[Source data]
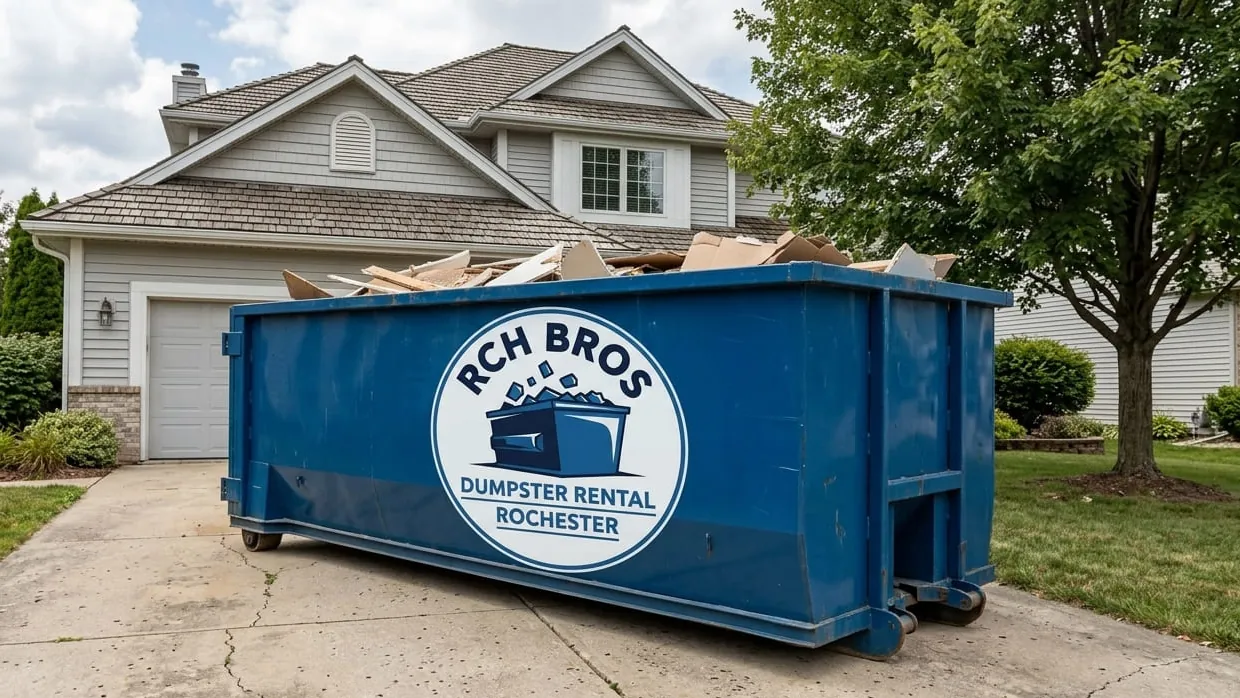 Residential dumpster rental in Rochester: a 20 yard roll-off set on plywood in a Beechwood driveway beside a two-story frame house, basement bulkhead open and plaster and lath stacked flat on the floor of the container. Residential dumpster rental in Rochester: a 20 yard roll-off set on plywood in a Beechwood driveway beside a two-story frame house, basement bulkhead open and plaster and lath stacked flat on the floor of the container.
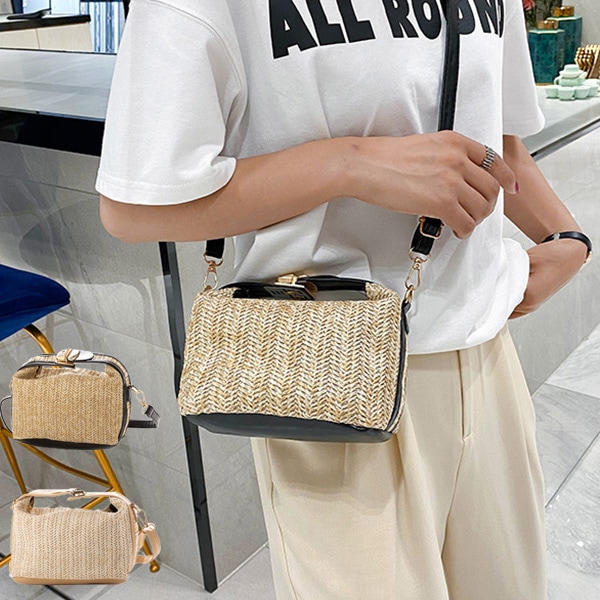   編み込みストロー 2WAY ショルダー クロスボディ H&M - H&M ストロークロスボディバッグ 2way グリーン 緑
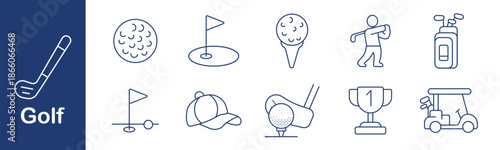 Golf set icon. Ball, hole, flag, tee, player, club, cart, hat, swing, trophy, position, field, practice, course, sport, leisure, equipment.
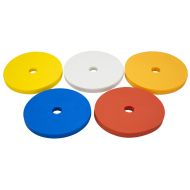 Set of flat round markers MAXIMA, Ø15 cm, 30 pieces, 5 colors, with holder /300202/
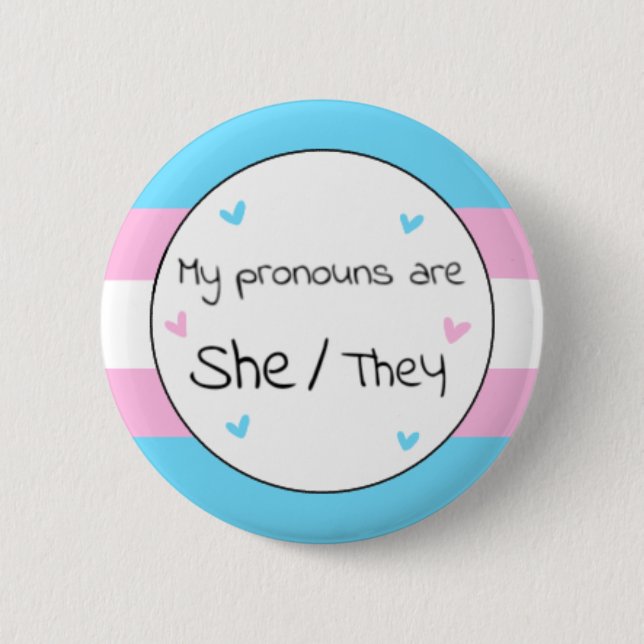 Transgender Hon/De Pronoun Pin Knapp (Framsida)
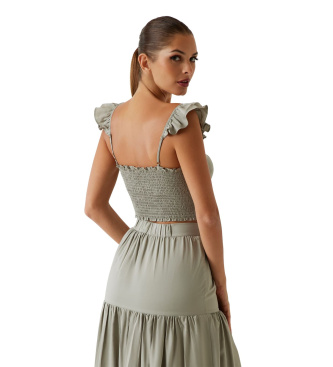 Guess Top Rossana Cropped zielony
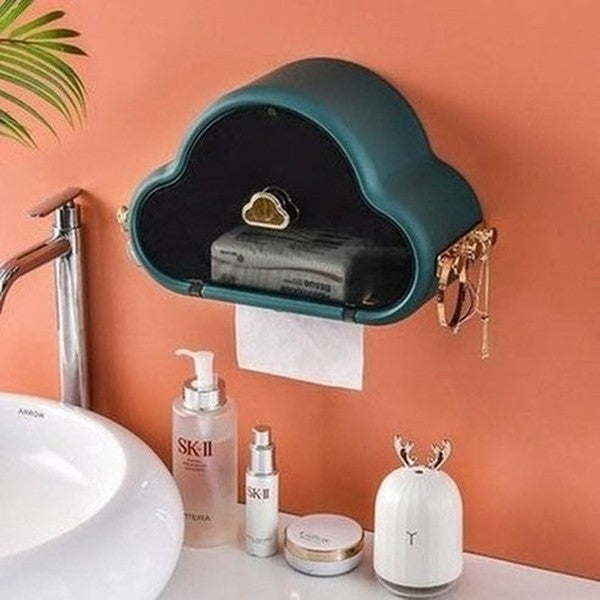 Cloud Shape Tissue Storage Box Bathroom Wall Mounted Multifunction Waterproof Paper Holder Face Towel Organizer Box. Bathroom Accessories. Type: Facial Tissue Holders.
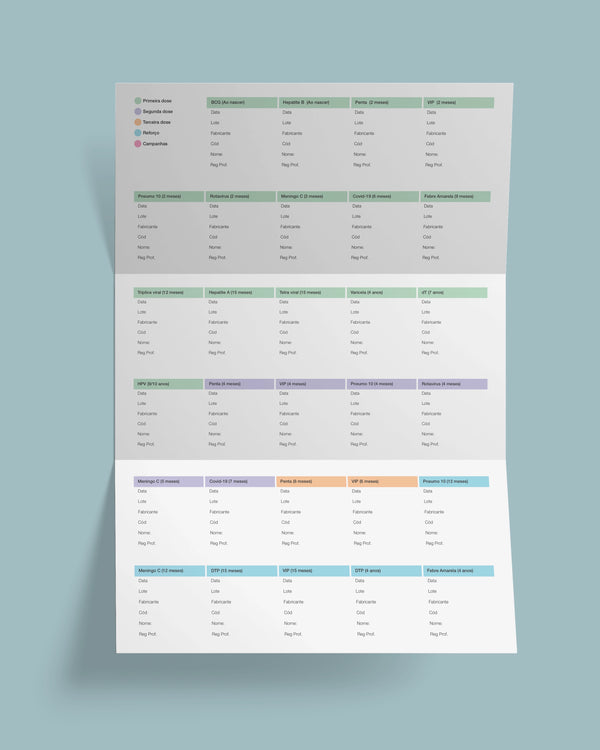 Cartão de vacina pediátrico personalizado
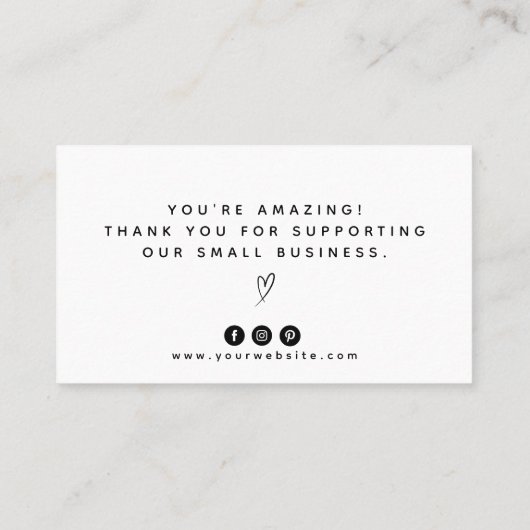 Vielen Dank für Ihren Kauf / Ihre Bestellung Visitenkarte (Rückseite)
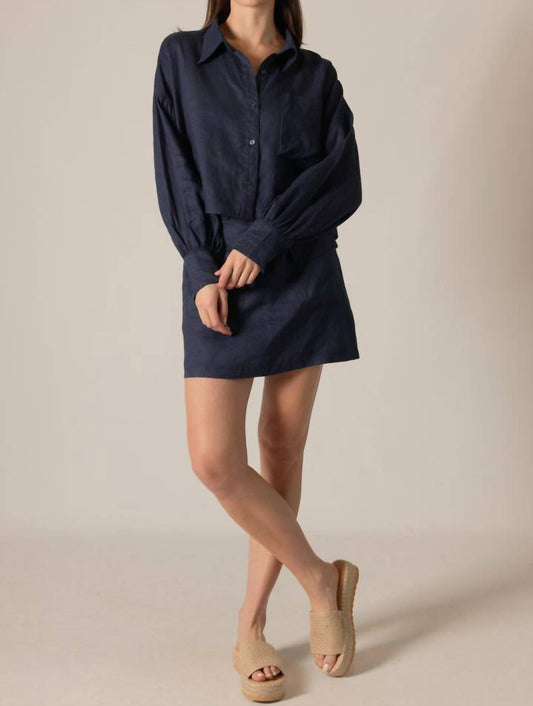 P.Cill - Frankie Linen Cropped Button Up Top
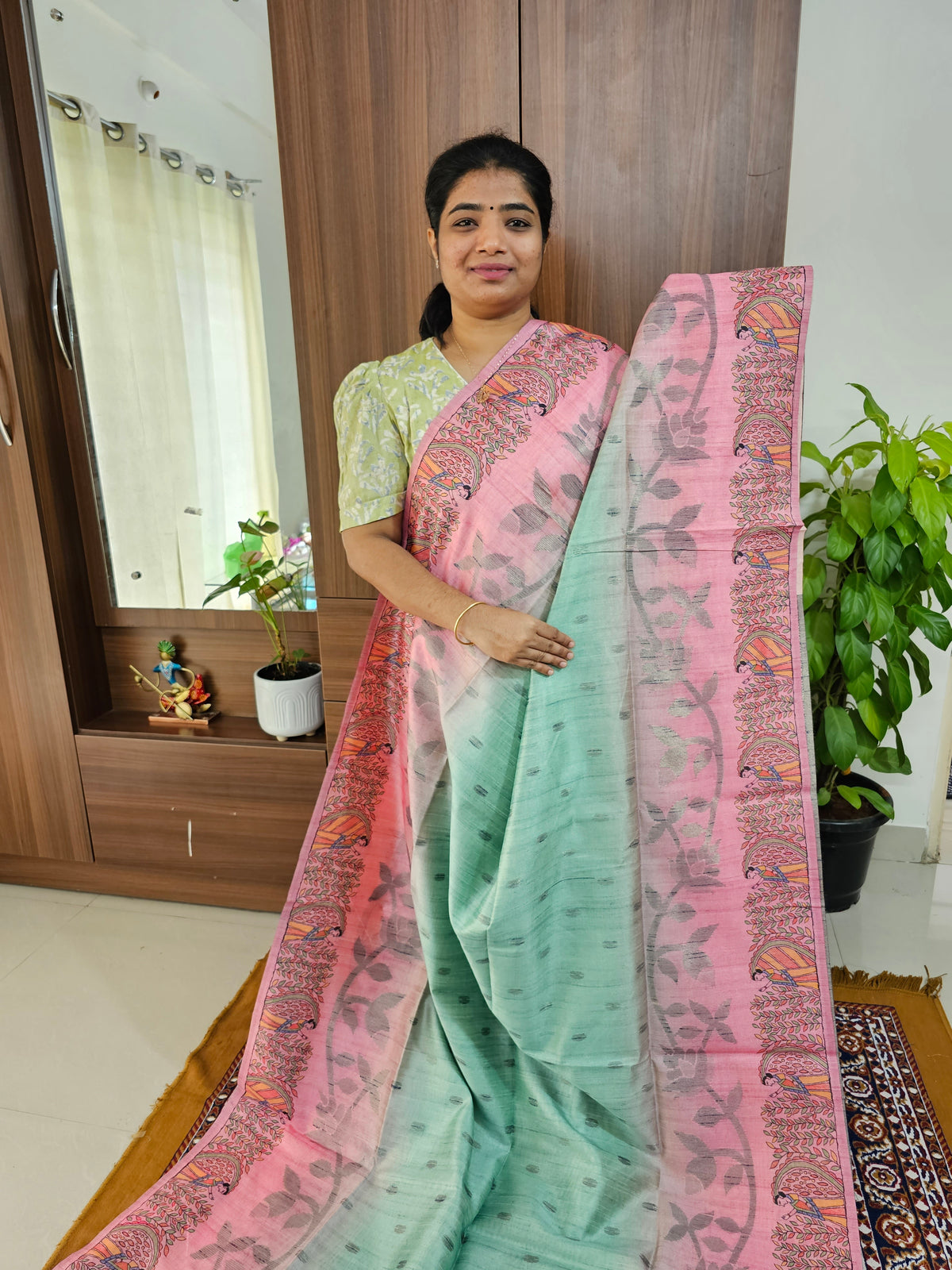 Semi Matka Tussar Digital Prints with Weaving Temple Border - Sea Green with Pink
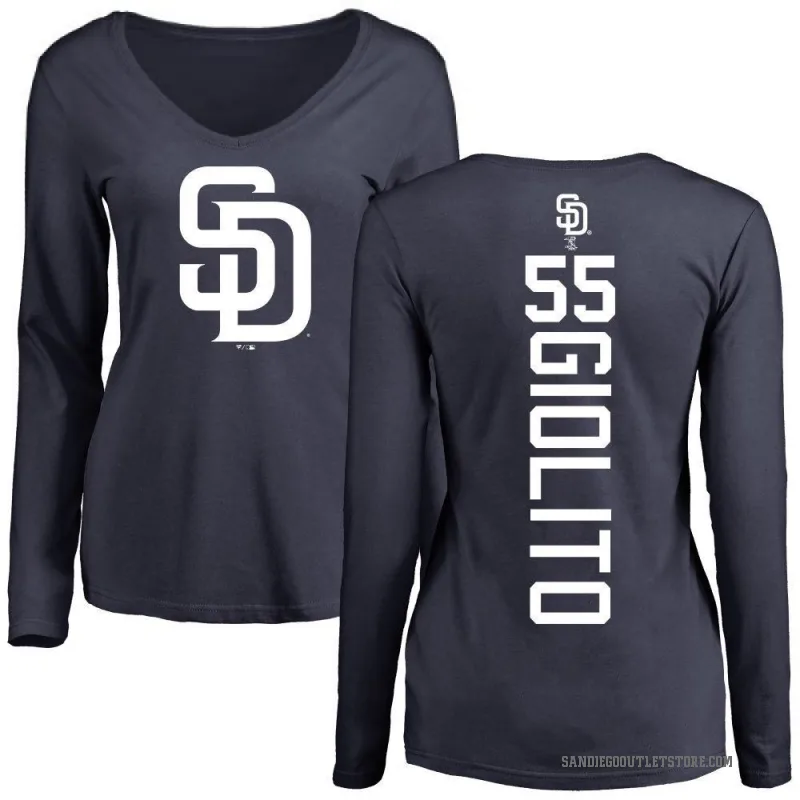 Lucas Giolito Women's Navy San Diego Padres Backer Slim Fit Long Sleeve T-Shirt -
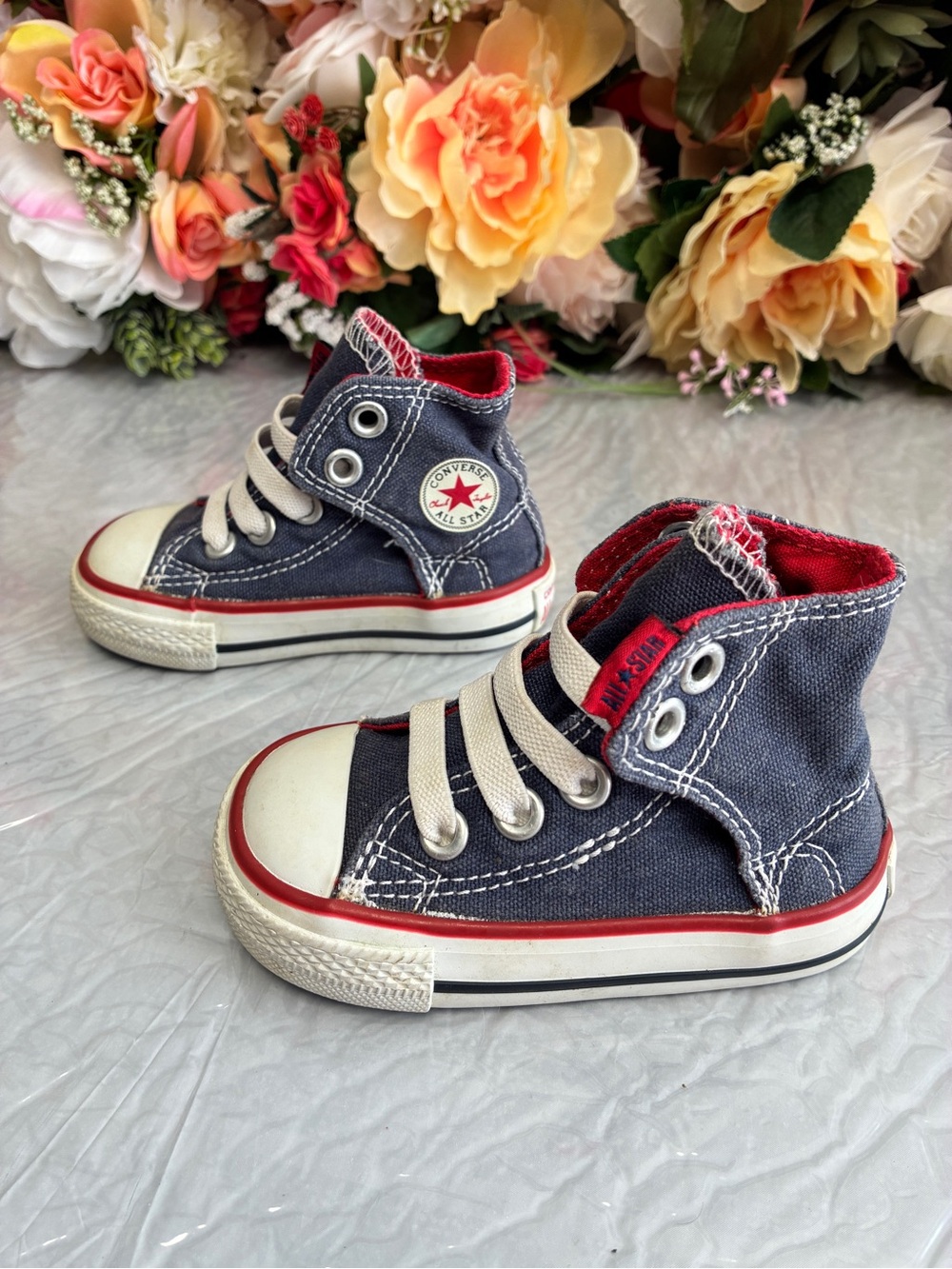 Converse Chuck Taylor All Star Canvas High Top Navy Red Toddler Shoes Size 4
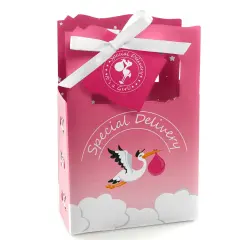 Big Dot of Happiness Girl Special Delivery - Pink It's a Girl Stork Baby Shower Favor Boxes - Set of 12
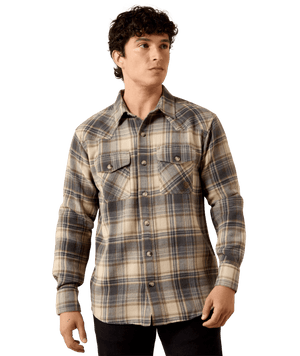MNS Retro Waffle Button Down Fitted Shirt - Oyster Grey Plaid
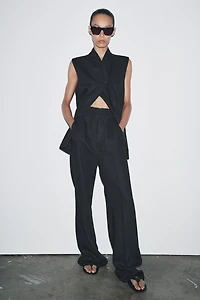 LINEN BLEND BUCKLE PANTS ZW COLLECTION
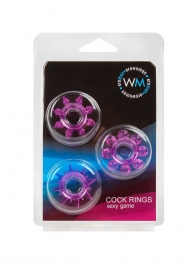 Набор из 3 лиловых эрекционных колец различной формы - Erowoman-Eroman - в Чебоксарах купить с доставкой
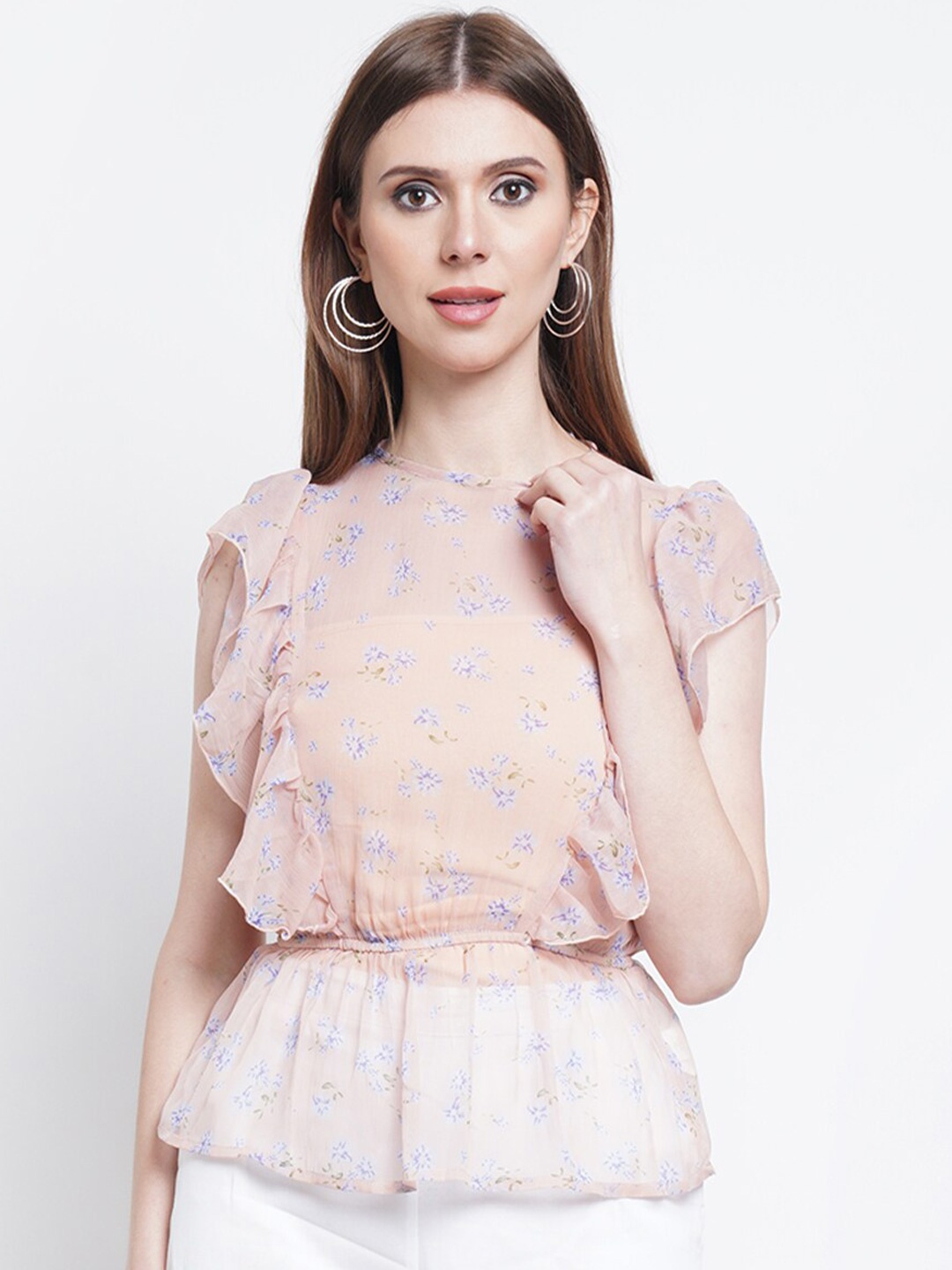 

Purple State Floral Printed Puff Sleeve Chiffon Cinched Waist Top, Peach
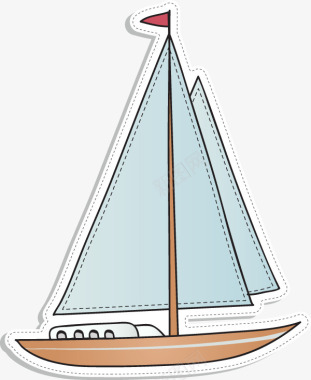 船蓝色卡通小船图标图标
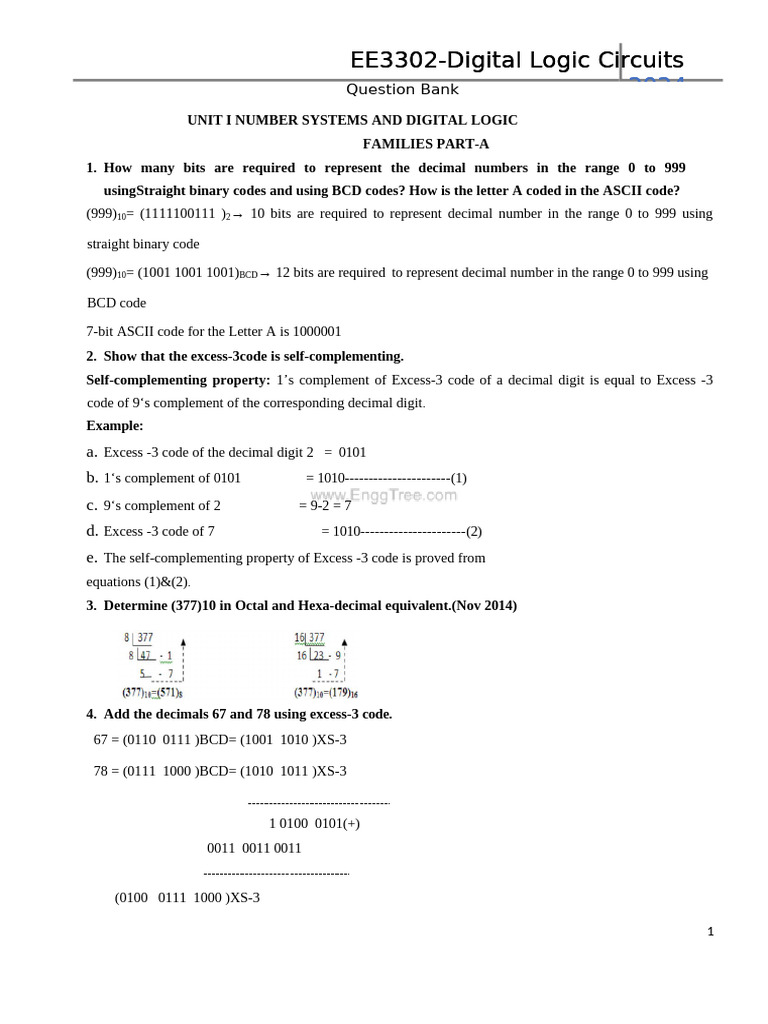 EE3302 Digital Logic Circuits Two Mark Questions 1 | PDF | Logic Gate ...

Task goal => Where a line contains "Набор из 3 лиловых", begin there and transcribe every line through the last one of the records above, exactly and with no pictures.

Output of the task =>
 Набор из 3 лиловых эрекционных колец различной формы - Erowoman-Eroman - в Чебоксарах купить с доставкой

Purple State Floral Printed Puff Sleeve Chiffon Cinched Waist Top, Peach
 船蓝色卡通小船图标图标
 EE3302 Digital Logic Circuits Two Mark Questions 1 | PDF | Logic Gate ...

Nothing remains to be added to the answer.